**WHAT THE TASK REQUIRES:** An exact copy of the data below is needed; please leave out any pictures.

━━━━━ STUDY MATERIAL ━━━━━

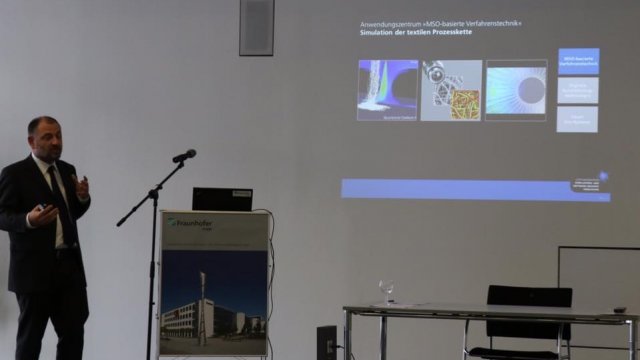 Fraunhofer ITWM: Dr. Konrad Steiner stellt das Leistungszentrum "Simulations- und Softwarebasierte Innovation" vor.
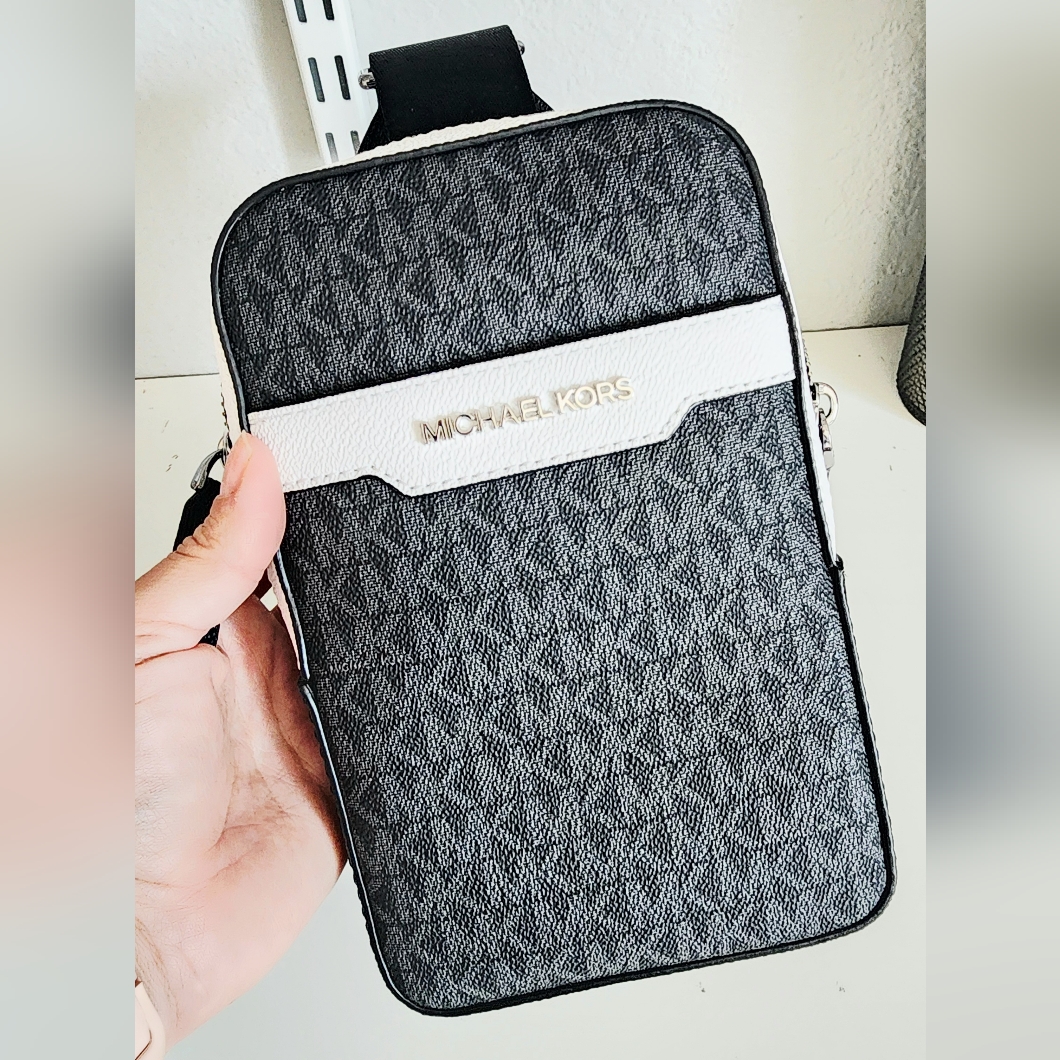 Michael Kors Cooper Md Sling-Bag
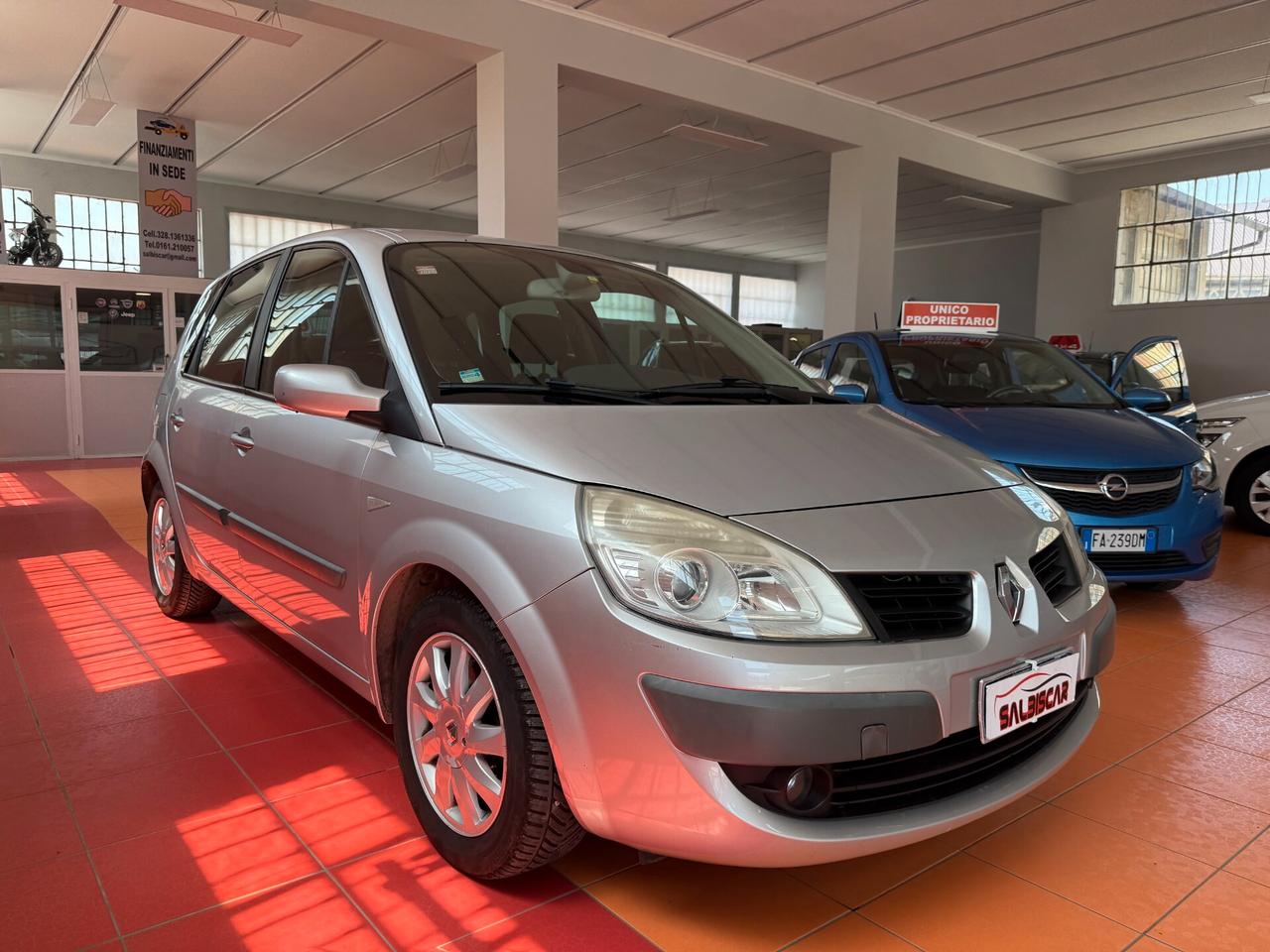 Renault Scenic Scénic 1.9 dCi/130CV Conquest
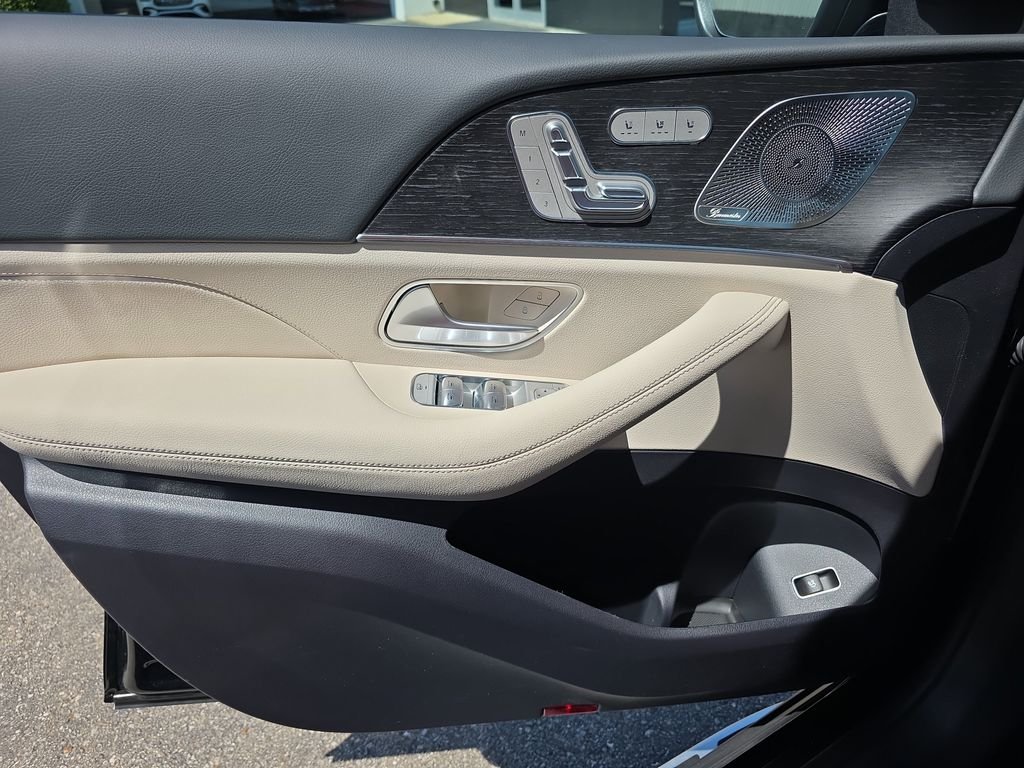 New 2026 Black Mercedes-Benz GLE 350 image 19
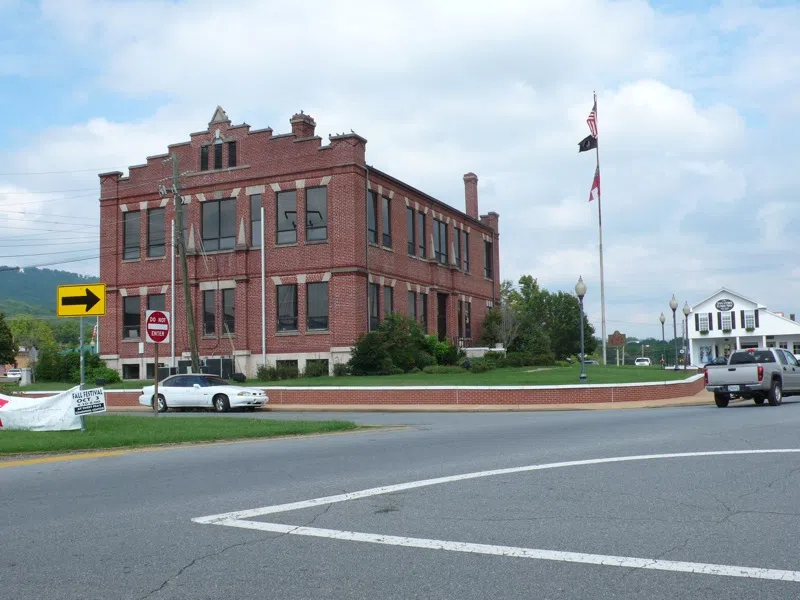 The Dade County Courthouse in Trenton, Georgia. — License:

━━━━━

**FINISHED EXERCISE:**
 Fraunhofer ITWM: Dr. Konrad Steiner stellt das Leistungszentrum "Simulations- und Softwarebasierte Innovation" vor.
 Michael Kors Cooper Md Sling-Bag
 Renault Scenic Scénic 1.9 dCi/130CV Conquest
 New 2026 Black Mercedes-Benz GLE 350 image 19
 The Dade County Courthouse in Trenton, Georgia. — License:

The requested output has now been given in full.